The legislation sets out clear and transparent criteria for how the Board will reach its decisions, which will be independent of the justice minister of the day.
As well as establishing the Board, the legislation also increases the time which must be served by a life-sentence prisoner before being considered for parole to 12 years, up from seven years.
The average sentence served in the last ten years before a life sentenced prisoner is released on parole is 18 years, and in 2019 it was 20 years.
Justice minister Heather Humphreys said: “The Parole Board plays a vital role in the justice system. Transparency and accountability is vital in achieving fairness for victims of crime and rehabilitation for the prisoners. I believe that the new independent Parole Board will considerably improve the system as it currently operates.
“The change to the length of a life sentence which must be served, from seven years to 12 years, before an initial parole hearing is a recognition that the previous period was distressing for victims. I believe the new period of 12 year is a positive change.
“I am also glad that the new Board includes members who have significant experience of working with victims as well as prisoners.”

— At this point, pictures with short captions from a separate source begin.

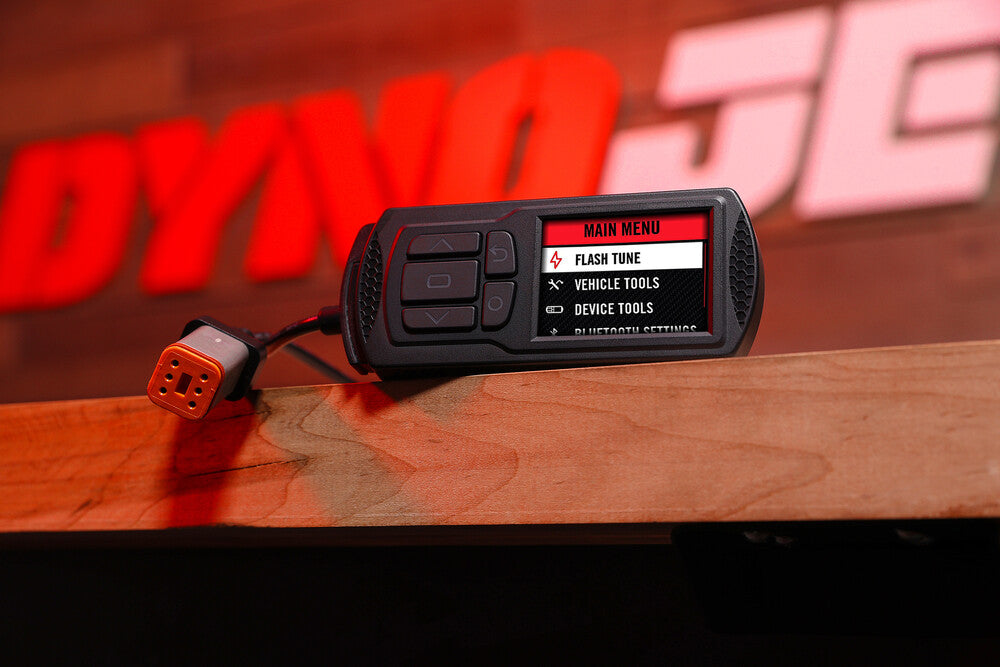 Dynojet Power Vision 3 – Imzz Elite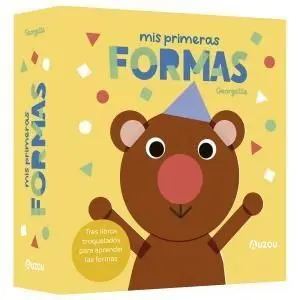 Mis Primeras Formas (Caja)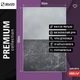 Виниловый фотофон 80x120см, Frontlit 450 г/м2, стена + пол №57070 - изображение 2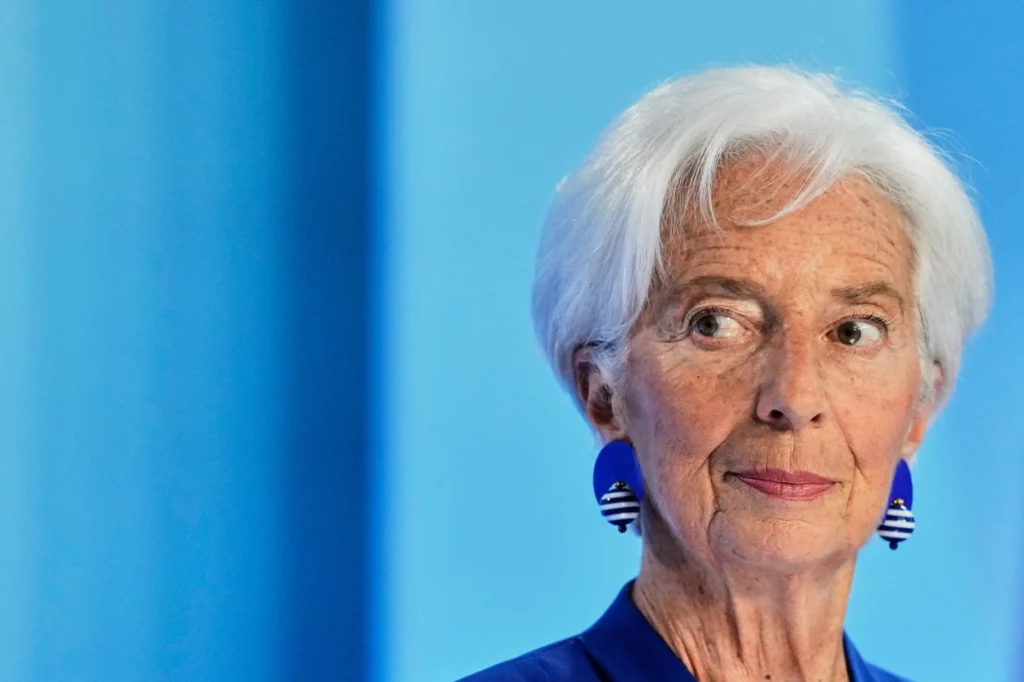 Lagarde Triggers ECB Succession Race With Early Resignation 2 download 2026 10 29T133915.381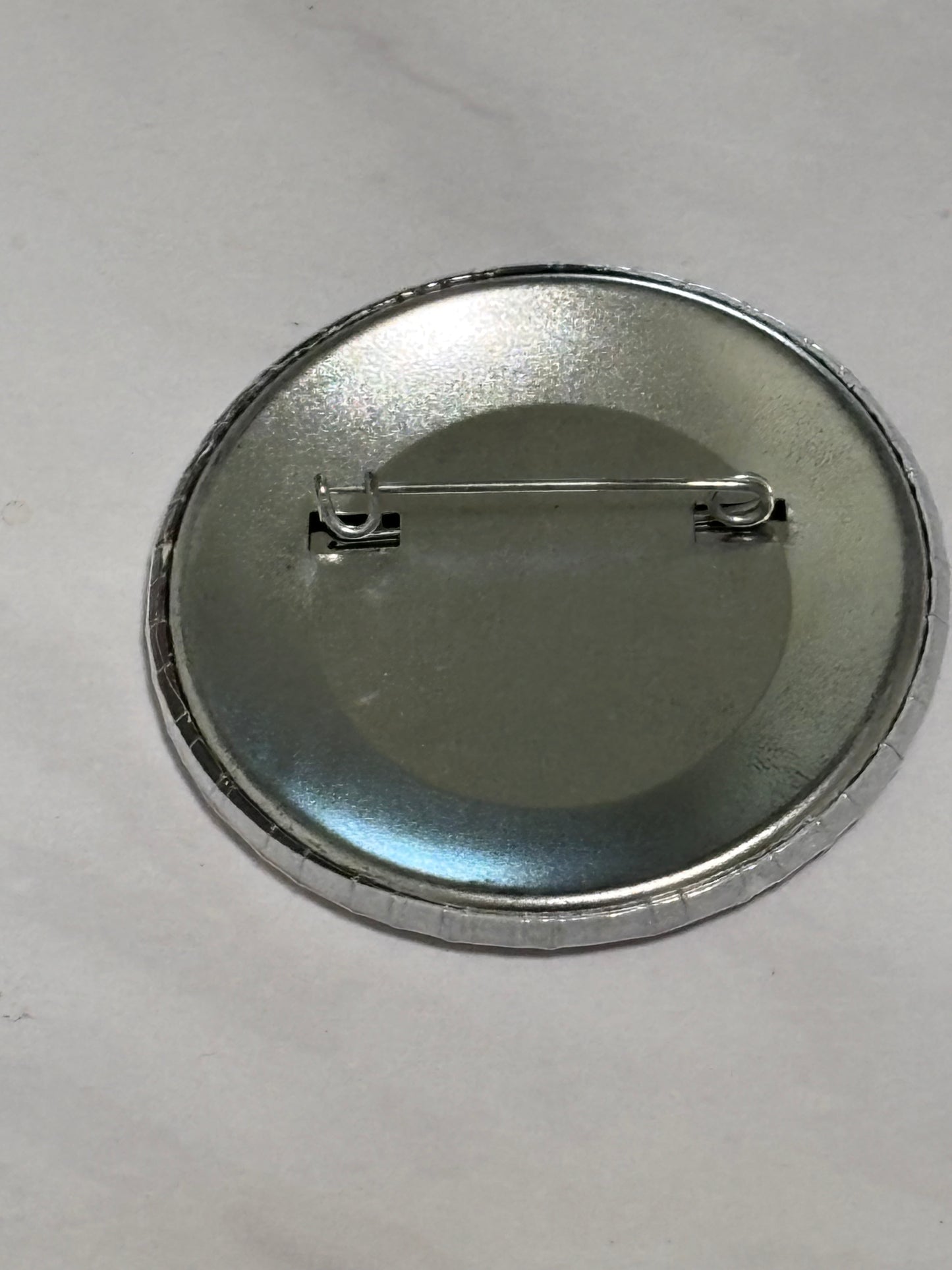 Japanese Anime Danganronpa can Badge Button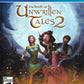 Ps4 The Book Of Unwritten Tales 2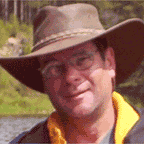 Mike Budd, PLS Instructor, Teacher 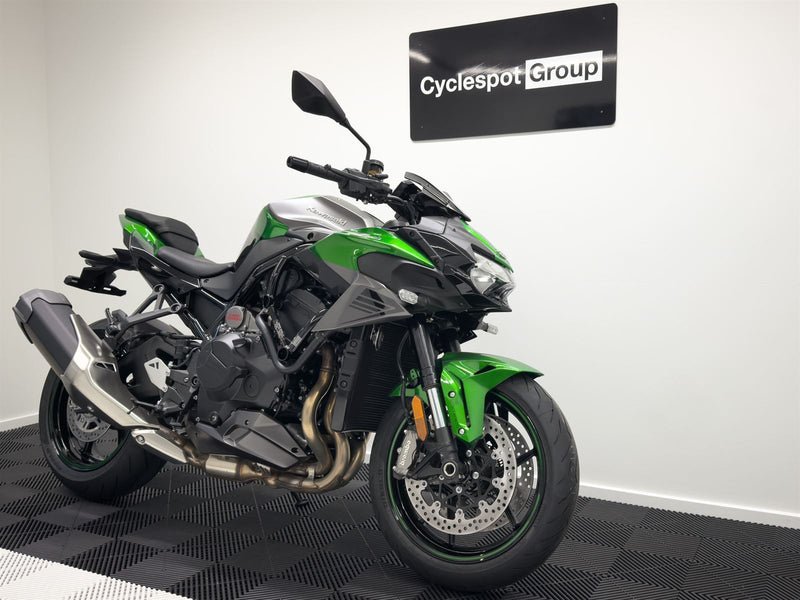 Load image into Gallery viewer, 2025 Kawasaki Z H2
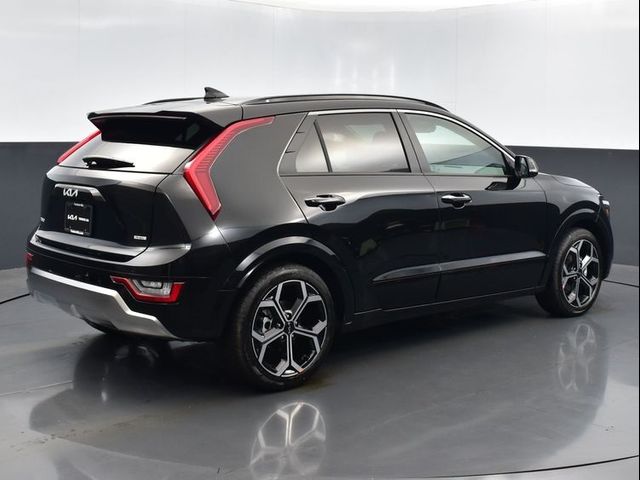 2023 Kia Niro Plug-In Hybrid SX Touring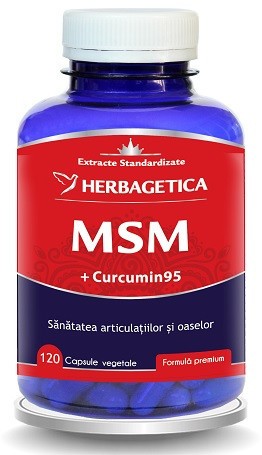 MSM 120CPS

Mr Justice White said: “The legislation underpinning the Board’s functions is excellent and I look forward to working with my fellow Board members to implement it.
“I would like to thank all of the legislators involved in developing the Parole Act 2019 and all of those who have worked towards the establishment of this new organisation.”
Following three recent appointments – Ann Reade, Paddy Richardson and Kieran Kenny – the Board now has a total membership of 13, including the chairperson. An interim chief executive has been appointed pending a full-time appointment.
A consultation is set to take place soon with groups representing victims, who will be able to receive legal assistance under the Act to make submissions to the Board arguing against the release of certain prisoners.
Mrs Humphreys said: “The Parole Board will shortly be writing to national organisations and groups that represent and support victims of crime in the State, in order to provide them with some information in respect of the commencement of the Parole Act 2019 and other relevant and related matters.”